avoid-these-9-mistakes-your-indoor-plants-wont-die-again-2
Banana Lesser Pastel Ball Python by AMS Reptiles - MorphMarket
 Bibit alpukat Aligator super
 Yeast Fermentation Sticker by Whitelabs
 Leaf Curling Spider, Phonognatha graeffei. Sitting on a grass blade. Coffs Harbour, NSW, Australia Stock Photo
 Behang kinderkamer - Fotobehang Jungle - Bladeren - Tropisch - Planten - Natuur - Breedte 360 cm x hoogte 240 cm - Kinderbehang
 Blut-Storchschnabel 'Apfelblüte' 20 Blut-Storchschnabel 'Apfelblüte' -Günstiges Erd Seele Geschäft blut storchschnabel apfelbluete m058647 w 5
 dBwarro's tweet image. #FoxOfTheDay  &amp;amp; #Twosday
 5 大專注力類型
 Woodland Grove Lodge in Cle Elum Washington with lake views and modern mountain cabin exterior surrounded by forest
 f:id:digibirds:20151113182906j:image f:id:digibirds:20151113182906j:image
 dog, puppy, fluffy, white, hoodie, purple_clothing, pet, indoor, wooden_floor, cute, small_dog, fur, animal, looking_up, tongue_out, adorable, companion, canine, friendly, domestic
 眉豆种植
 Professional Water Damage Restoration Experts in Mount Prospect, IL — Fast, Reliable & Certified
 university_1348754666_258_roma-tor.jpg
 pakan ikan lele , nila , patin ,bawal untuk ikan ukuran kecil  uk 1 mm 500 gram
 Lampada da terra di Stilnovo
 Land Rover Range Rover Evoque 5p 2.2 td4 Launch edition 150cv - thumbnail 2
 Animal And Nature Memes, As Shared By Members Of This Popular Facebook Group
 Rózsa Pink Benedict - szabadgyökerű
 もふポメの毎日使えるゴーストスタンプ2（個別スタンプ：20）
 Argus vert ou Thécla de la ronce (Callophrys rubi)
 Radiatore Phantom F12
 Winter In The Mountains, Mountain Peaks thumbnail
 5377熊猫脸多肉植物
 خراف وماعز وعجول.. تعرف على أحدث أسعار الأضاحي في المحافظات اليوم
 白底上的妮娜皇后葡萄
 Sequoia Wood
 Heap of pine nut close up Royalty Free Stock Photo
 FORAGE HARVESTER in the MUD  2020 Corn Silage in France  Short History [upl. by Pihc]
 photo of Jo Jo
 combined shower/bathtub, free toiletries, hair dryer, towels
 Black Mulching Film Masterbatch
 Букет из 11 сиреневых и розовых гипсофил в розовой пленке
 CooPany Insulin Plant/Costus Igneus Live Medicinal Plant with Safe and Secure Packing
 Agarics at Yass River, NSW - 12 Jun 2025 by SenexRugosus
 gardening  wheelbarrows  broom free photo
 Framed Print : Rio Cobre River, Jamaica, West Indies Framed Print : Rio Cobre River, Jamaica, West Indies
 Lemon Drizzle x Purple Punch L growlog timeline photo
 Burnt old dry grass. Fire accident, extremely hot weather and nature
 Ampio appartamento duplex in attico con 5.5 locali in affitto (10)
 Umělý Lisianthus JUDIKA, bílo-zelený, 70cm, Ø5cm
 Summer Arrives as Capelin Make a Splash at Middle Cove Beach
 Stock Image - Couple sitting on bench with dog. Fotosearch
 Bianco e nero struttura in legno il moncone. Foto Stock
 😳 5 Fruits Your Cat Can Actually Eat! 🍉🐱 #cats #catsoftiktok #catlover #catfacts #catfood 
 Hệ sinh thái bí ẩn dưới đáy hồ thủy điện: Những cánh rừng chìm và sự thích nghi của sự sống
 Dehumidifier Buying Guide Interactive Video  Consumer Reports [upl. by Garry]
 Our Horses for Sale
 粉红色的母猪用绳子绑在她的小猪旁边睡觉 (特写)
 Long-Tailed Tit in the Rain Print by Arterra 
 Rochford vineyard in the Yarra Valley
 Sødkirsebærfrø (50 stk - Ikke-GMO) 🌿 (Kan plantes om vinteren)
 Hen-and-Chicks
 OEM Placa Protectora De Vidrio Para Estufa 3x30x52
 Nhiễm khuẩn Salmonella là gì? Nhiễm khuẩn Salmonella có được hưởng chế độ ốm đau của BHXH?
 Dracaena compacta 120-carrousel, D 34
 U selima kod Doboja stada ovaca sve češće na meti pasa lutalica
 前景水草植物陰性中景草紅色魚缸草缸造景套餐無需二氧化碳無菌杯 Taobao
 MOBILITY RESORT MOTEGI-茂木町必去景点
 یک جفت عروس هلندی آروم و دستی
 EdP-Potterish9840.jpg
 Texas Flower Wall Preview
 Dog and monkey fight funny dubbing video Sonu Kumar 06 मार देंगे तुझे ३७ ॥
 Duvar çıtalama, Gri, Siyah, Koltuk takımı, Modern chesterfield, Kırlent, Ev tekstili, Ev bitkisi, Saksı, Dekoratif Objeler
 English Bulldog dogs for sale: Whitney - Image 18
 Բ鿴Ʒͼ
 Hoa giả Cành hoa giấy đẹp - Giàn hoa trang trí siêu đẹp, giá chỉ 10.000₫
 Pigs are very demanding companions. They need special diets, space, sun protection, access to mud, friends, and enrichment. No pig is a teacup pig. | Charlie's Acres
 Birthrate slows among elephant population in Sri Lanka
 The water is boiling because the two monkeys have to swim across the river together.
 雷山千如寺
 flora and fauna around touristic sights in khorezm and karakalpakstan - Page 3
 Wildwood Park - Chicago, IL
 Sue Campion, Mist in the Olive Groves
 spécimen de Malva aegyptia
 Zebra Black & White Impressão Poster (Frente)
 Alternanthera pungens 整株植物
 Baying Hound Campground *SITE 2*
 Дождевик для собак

- - -

■ Directions
Every entry is to be repeated precisely as it stands.

■ Answer section
avoid-these-9-mistakes-your-indoor-plants-wont-die-again-2
Banana Lesser Pastel Ball Python by AMS Reptiles - MorphMarket
 Bibit alpukat Aligator super
 Yeast Fermentation Sticker by Whitelabs
 Leaf Curling Spider, Phonognatha graeffei. Sitting on a grass blade. Coffs Harbour, NSW, Australia Stock Photo
 Behang kinderkamer - Fotobehang Jungle - Bladeren - Tropisch - Planten - Natuur - Breedte 360 cm x hoogte 240 cm - Kinderbehang
 Blut-Storchschnabel 'Apfelblüte' 20 Blut-Storchschnabel 'Apfelblüte' -Günstiges Erd Seele Geschäft blut storchschnabel apfelbluete m058647 w 5
 dBwarro's tweet image. #FoxOfTheDay  &amp;amp; #Twosday
 5 大專注力類型
 Woodland Grove Lodge in Cle Elum Washington with lake views and modern mountain cabin exterior surrounded by forest
 f:id:digibirds:20151113182906j:image f:id:digibirds:20151113182906j:image
 dog, puppy, fluffy, white, hoodie, purple_clothing, pet, indoor, wooden_floor, cute, small_dog, fur, animal, looking_up, tongue_out, adorable, companion, canine, friendly, domestic
 眉豆种植
 Professional Water Damage Restoration Experts in Mount Prospect, IL — Fast, Reliable & Certified
 university_1348754666_258_roma-tor.jpg
 pakan ikan lele , nila , patin ,bawal untuk ikan ukuran kecil  uk 1 mm 500 gram
 Lampada da terra di Stilnovo
 Land Rover Range Rover Evoque 5p 2.2 td4 Launch edition 150cv - thumbnail 2
 Animal And Nature Memes, As Shared By Members Of This Popular Facebook Group
 Rózsa Pink Benedict - szabadgyökerű
 もふポメの毎日使えるゴーストスタンプ2（個別スタンプ：20）
 Argus vert ou Thécla de la ronce (Callophrys rubi)
 Radiatore Phantom F12
 Winter In The Mountains, Mountain Peaks thumbnail
 5377熊猫脸多肉植物
 خراف وماعز وعجول.. تعرف على أحدث أسعار الأضاحي في المحافظات اليوم
 白底上的妮娜皇后葡萄
 Sequoia Wood
 Heap of pine nut close up Royalty Free Stock Photo
 FORAGE HARVESTER in the MUD  2020 Corn Silage in France  Short History [upl. by Pihc]
 photo of Jo Jo
 combined shower/bathtub, free toiletries, hair dryer, towels
 Black Mulching Film Masterbatch
 Букет из 11 сиреневых и розовых гипсофил в розовой пленке
 CooPany Insulin Plant/Costus Igneus Live Medicinal Plant with Safe and Secure Packing
 Agarics at Yass River, NSW - 12 Jun 2025 by SenexRugosus
 gardening  wheelbarrows  broom free photo
 Framed Print : Rio Cobre River, Jamaica, West Indies Framed Print : Rio Cobre River, Jamaica, West Indies
 Lemon Drizzle x Purple Punch L growlog timeline photo
 Burnt old dry grass. Fire accident, extremely hot weather and nature
 Ampio appartamento duplex in attico con 5.5 locali in affitto (10)
 Umělý Lisianthus JUDIKA, bílo-zelený, 70cm, Ø5cm
 Summer Arrives as Capelin Make a Splash at Middle Cove Beach
 Stock Image - Couple sitting on bench with dog. Fotosearch
 Bianco e nero struttura in legno il moncone. Foto Stock
 😳 5 Fruits Your Cat Can Actually Eat! 🍉🐱 #cats #catsoftiktok #catlover #catfacts #catfood 
 Hệ sinh thái bí ẩn dưới đáy hồ thủy điện: Những cánh rừng chìm và sự thích nghi của sự sống
 Dehumidifier Buying Guide Interactive Video  Consumer Reports [upl. by Garry]
 Our Horses for Sale
 粉红色的母猪用绳子绑在她的小猪旁边睡觉 (特写)
 Long-Tailed Tit in the Rain Print by Arterra 
 Rochford vineyard in the Yarra Valley
 Sødkirsebærfrø (50 stk - Ikke-GMO) 🌿 (Kan plantes om vinteren)
 Hen-and-Chicks
 OEM Placa Protectora De Vidrio Para Estufa 3x30x52
 Nhiễm khuẩn Salmonella là gì? Nhiễm khuẩn Salmonella có được hưởng chế độ ốm đau của BHXH?
 Dracaena compacta 120-carrousel, D 34
 U selima kod Doboja stada ovaca sve češće na meti pasa lutalica
 前景水草植物陰性中景草紅色魚缸草缸造景套餐無需二氧化碳無菌杯 Taobao
 MOBILITY RESORT MOTEGI-茂木町必去景点
 یک جفت عروس هلندی آروم و دستی
 EdP-Potterish9840.jpg
 Texas Flower Wall Preview
 Dog and monkey fight funny dubbing video Sonu Kumar 06 मार देंगे तुझे ३७ ॥
 Duvar çıtalama, Gri, Siyah, Koltuk takımı, Modern chesterfield, Kırlent, Ev tekstili, Ev bitkisi, Saksı, Dekoratif Objeler
 English Bulldog dogs for sale: Whitney - Image 18
 Բ鿴Ʒͼ
 Hoa giả Cành hoa giấy đẹp - Giàn hoa trang trí siêu đẹp, giá chỉ 10.000₫
 Pigs are very demanding companions. They need special diets, space, sun protection, access to mud, friends, and enrichment. No pig is a teacup pig. | Charlie's Acres
 Birthrate slows among elephant population in Sri Lanka
 The water is boiling because the two monkeys have to swim across the river together.
 雷山千如寺
 flora and fauna around touristic sights in khorezm and karakalpakstan - Page 3
 Wildwood Park - Chicago, IL
 Sue Campion, Mist in the Olive Groves
 spécimen de Malva aegyptia
 Zebra Black & White Impressão Poster (Frente)
 Alternanthera pungens 整株植物
 Baying Hound Campground *SITE 2*
 Дождевик для собак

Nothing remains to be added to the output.